Coffee with the Classics

Coffee with the Classics is a seminar for engaging foundational questions without the stress of grades or papers.  This informal seminar forum setting provides an opportunity to read and discuss some of the most influential and provocative thinkers of the ancient and modern Western Tradition.  During the 2014-2015 academic year, Penn undergraduates and faculty gathered to read such thinks as Plato, Cicero, Rousseau, Kant, and Nietzsche in order to address fundamental questions about morality, politics, and virtue. In 2015-2016, we read texts in the philosophy of nature, with an emphasis on the ancient and medieval worlds. Receiving insight offered by Greek philosophy from Thales to Aristotle, the book of Genesis, Augustine, Aquinas and others, we explored the questions, What is nature? Does it have a purpose?
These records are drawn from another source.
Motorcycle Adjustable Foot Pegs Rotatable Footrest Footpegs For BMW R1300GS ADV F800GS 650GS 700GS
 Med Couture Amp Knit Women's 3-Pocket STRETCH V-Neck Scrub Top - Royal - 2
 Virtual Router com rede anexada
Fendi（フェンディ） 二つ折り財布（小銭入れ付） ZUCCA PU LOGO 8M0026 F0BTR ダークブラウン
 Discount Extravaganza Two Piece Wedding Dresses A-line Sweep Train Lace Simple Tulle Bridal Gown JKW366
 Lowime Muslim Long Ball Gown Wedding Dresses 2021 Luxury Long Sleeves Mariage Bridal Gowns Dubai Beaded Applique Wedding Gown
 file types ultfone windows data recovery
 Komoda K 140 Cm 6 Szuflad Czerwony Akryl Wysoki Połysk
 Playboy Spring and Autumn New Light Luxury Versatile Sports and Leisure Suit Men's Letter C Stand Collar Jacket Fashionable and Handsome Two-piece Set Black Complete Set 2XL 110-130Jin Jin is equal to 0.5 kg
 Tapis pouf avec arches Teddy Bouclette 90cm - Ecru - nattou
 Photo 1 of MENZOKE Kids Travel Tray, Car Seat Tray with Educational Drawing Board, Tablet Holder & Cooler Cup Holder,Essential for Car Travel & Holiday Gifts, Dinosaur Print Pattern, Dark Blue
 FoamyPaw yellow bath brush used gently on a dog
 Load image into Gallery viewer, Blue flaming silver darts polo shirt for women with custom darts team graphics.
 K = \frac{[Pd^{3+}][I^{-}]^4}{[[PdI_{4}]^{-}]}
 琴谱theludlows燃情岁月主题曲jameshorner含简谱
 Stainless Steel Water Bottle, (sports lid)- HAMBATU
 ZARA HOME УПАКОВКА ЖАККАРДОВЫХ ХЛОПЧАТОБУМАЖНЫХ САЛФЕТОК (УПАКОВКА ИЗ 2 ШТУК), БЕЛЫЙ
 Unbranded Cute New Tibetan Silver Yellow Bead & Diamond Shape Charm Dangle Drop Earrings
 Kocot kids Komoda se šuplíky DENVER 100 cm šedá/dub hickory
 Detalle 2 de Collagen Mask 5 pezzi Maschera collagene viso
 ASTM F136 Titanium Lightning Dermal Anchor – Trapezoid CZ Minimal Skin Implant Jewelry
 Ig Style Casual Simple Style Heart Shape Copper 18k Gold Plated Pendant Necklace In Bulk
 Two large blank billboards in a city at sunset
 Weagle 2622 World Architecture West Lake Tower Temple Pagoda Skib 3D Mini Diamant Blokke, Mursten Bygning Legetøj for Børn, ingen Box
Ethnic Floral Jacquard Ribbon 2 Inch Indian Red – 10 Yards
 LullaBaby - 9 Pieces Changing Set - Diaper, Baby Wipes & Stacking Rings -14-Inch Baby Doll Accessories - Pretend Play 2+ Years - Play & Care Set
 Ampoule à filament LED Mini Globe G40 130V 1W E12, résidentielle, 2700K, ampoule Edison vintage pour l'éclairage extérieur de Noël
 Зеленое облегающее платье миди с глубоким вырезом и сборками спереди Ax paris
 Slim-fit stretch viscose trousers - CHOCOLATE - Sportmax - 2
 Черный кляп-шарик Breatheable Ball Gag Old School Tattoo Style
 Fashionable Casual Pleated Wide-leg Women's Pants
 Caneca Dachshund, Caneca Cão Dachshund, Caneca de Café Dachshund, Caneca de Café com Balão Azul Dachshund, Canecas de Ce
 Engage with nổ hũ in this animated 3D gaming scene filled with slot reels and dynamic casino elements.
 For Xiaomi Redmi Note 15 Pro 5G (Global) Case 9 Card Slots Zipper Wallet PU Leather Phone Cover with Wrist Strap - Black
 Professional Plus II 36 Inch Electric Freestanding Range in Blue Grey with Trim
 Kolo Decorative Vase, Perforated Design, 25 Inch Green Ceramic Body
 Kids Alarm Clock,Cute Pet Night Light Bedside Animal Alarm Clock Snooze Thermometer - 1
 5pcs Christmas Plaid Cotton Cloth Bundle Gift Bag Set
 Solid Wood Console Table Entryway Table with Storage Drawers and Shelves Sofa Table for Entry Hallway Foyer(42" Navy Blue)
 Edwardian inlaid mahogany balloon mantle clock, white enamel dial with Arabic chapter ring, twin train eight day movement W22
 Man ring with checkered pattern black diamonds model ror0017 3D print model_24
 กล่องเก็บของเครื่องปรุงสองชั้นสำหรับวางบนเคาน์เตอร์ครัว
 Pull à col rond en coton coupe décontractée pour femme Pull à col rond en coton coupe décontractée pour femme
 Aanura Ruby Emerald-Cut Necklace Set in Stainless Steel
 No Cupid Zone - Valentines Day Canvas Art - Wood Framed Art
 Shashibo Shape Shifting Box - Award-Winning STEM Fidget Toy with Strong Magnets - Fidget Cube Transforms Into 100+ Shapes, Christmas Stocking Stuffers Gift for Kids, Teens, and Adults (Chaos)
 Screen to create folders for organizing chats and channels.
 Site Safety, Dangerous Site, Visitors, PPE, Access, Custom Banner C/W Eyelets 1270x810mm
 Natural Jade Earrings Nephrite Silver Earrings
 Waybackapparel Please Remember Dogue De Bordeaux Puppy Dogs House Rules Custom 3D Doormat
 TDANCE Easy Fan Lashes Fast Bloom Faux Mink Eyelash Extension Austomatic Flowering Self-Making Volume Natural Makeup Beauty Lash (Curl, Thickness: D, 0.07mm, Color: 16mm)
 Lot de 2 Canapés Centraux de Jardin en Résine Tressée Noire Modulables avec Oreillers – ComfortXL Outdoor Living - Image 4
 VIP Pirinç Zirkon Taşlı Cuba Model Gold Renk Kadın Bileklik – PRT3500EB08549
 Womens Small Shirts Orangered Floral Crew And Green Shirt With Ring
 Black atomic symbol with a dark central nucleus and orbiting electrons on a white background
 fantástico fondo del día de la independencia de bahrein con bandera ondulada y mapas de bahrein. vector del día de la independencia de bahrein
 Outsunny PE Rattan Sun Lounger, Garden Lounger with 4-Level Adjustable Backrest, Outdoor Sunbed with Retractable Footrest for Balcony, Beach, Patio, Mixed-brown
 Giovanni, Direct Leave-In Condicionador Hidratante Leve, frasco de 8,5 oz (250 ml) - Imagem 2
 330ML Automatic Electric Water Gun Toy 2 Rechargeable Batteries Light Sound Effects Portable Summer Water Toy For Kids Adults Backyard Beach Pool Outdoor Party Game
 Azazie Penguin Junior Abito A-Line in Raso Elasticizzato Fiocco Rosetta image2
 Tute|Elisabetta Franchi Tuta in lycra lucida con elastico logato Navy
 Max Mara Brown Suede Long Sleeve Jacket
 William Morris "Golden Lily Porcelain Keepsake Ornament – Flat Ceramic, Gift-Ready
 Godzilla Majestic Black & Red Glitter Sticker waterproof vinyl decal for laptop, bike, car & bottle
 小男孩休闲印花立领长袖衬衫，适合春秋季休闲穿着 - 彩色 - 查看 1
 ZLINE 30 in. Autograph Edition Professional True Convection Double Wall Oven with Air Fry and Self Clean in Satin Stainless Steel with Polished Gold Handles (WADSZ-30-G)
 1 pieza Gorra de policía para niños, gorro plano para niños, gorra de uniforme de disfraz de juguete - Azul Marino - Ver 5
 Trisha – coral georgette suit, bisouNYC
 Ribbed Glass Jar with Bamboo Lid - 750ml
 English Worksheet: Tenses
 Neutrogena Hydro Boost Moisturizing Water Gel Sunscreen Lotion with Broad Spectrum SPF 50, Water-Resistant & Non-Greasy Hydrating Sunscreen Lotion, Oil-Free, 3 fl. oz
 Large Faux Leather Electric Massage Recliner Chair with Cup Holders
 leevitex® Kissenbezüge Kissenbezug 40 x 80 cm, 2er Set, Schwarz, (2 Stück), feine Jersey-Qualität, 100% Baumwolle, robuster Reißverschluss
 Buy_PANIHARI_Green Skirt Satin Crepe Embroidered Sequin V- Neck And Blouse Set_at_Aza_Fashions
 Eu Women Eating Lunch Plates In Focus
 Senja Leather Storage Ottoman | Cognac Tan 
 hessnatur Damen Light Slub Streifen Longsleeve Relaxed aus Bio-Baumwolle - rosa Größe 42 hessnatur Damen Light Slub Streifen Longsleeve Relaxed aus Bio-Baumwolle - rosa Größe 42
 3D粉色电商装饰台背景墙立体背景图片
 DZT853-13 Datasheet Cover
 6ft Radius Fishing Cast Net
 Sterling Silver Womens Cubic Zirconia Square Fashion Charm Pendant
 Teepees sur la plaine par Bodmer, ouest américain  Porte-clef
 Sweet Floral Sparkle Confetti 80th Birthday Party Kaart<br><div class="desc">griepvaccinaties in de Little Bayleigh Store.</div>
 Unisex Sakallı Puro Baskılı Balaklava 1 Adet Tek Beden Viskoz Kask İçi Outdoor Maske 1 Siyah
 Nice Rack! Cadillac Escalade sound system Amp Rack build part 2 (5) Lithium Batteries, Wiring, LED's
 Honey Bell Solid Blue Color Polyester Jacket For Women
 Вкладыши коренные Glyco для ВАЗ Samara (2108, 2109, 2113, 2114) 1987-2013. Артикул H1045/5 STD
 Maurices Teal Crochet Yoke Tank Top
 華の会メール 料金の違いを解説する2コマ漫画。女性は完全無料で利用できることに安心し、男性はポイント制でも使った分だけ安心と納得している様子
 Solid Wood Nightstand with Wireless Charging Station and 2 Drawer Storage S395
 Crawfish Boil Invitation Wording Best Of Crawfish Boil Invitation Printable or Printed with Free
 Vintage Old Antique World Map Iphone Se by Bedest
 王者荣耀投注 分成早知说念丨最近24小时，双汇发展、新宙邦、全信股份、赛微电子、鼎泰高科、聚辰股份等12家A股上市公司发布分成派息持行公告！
What is the relationship between humans and nature?

“He who has friends, has no friend.”  This observation, perhaps lament, was derived not out of the Facebook generation, but rather out of Greek antiquity.  In his foundational treatise on Ethics, Aristotle reflected on the value of personal friendship, and his conclusions have been continually absorbed and challenged over two millennia, addressing questions about human relationships that appear quintessentially modern. Students and a faculty guide will read and discuss brief but momentous texts on friendship.  Among the great thinkers featured include Aristotle, Cicero, Chaucer, Montaigne, Emerson, Thoreau, Keats, and others.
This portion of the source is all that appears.